Üreticiler çeşitli bölgelerden arıyorlar, en çok sorulan soruların başında “ Çaykur Neden çay almıyor” üretici sormaktan bıkmadı ben de cevap vermekten, inandığım, bildiğim Çaykur yönetimine karşı sürekli cevap vermekten hiç çekinmedim.
Önceki gün Ç.Hemşin den bir dostum, ayrıca Of Hayrat tan tanıdıklarıma cevap verdim, Ç.Hemşin den arayan tanıdığım bir kişi elinde çay olduğunu ancak Çaykur a veremediklerini kontenjanın 22 kilodan olduğunu söyledi.

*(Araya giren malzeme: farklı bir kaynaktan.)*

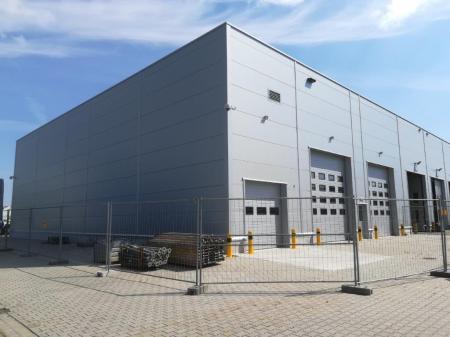 IMG-20200820-124036 1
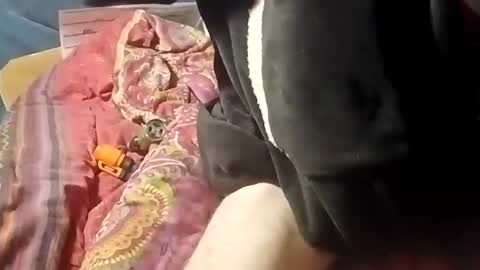 lovegirlscallme online show from March 20, 3:44 am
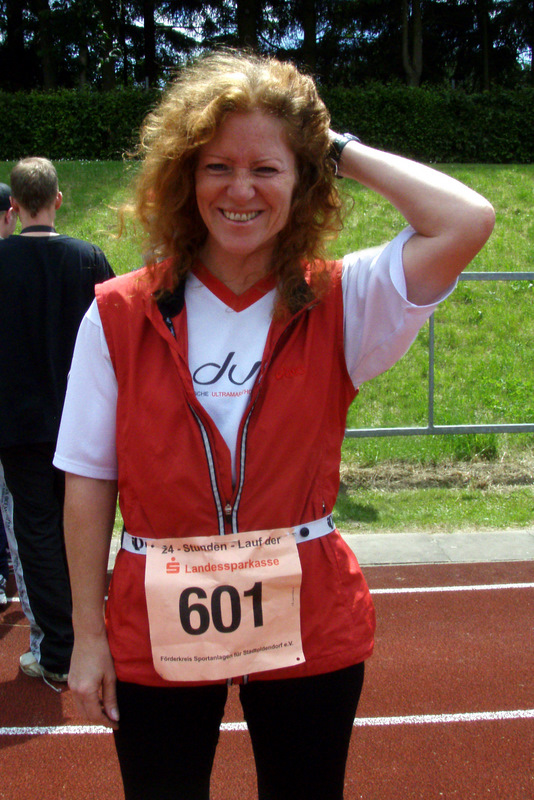 dagmar liszewitz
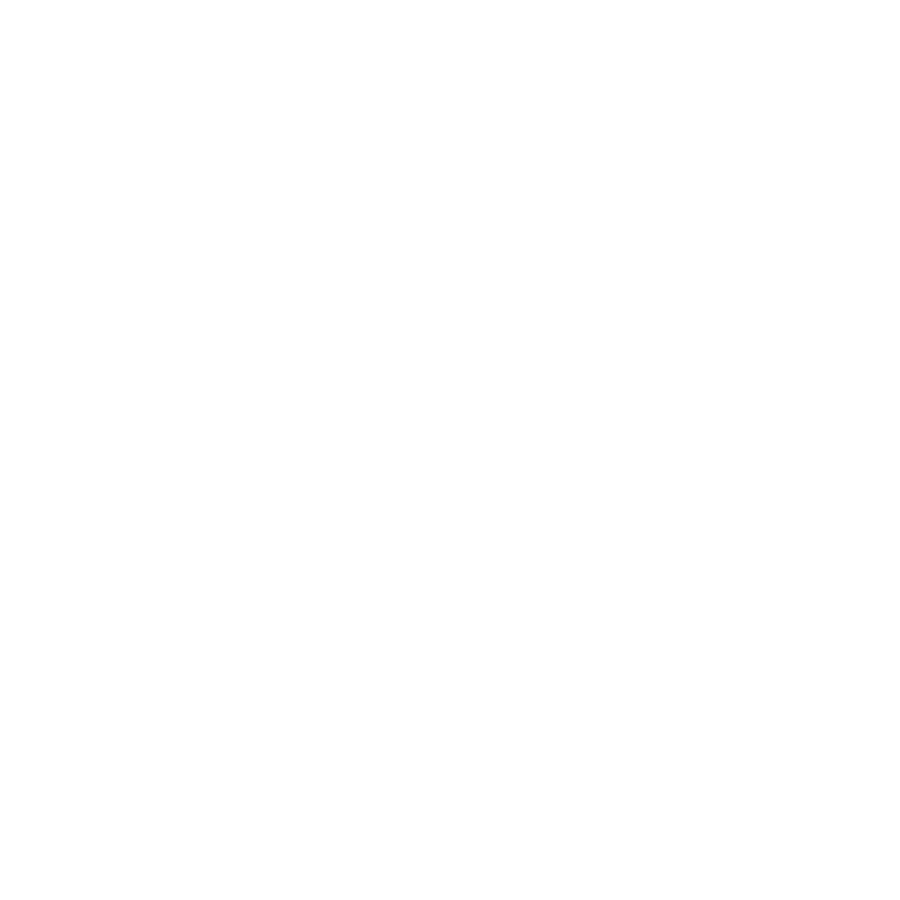 tdl_bg-graphic_arches-right_10p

Bilinen gerçekler var, tabii halkın bunu bilmesine imkan yok, Çaykur un yıllık yaş çay alma kapasitesi 750 bin ton dolayında devlet tarafından verilen kota bu, yıllık tüketimine endeksli olarak verilen kotayı önceki yıl Çaykur 130 bin ton dolayında aşarak 880 bin ton dolayında yaş çay yaprağı aldı, tabii Genel Müdür bunun hesabını verdi, her yıl 110 bin ton dolayında kuru çay satışına karşılık Genel Müdür fazla kuru çay satacağı garantisini verdi ve öyle oldu, 132 bin ton kuru çay satışı yaparak stoktan 20 bin ton dolayında kuru çay satışı gerçekleştirdi. Bu yıl aynı rakam kuruma iletildi ve Çaykur un alması gereken çay yine 750 bin ton dolayında belirlendi. Kurumun ve Genel Müdürün yapacağı bir şey yok. Verilen talimatı yerine getirmek zorunda, ya da ürettiği kuru çayları satmak zorunda, kuru çay satışı için tüm gayretlerini gösteren Çaykur illerde açtığı sıcak satış ve özel sektörlere satacağı kuru çaylar ile bu fazla üretimi eritme derdinde.
Neden almıyor?
Devlet tarafından verilen kota belli, Çaykur un işleme kapasitesi 9 bin 20 ton, biraz artırarak 9 bin 200 ton seviyelerine çıkabiliyor. Birinci sürgünde 270 bin ton seviyelerini aştı bile, tabii birde bunun ödemeleri var, sadece birinci sürgün bedelleri 1 milyar dolayında tutuyor. Kurum bunun yanında, yakıt, elektrik, personel, işçi ve diğer giderleri ödemek zorunda, bunları kuru çay satışı ile ödemesi mümkün değil, 2 Milyar TL nin üzerinde borcu olduğunu düşünecek olursak, bankalara her ay yüklü miktarda ödemesi olduğunu da biliyoruz.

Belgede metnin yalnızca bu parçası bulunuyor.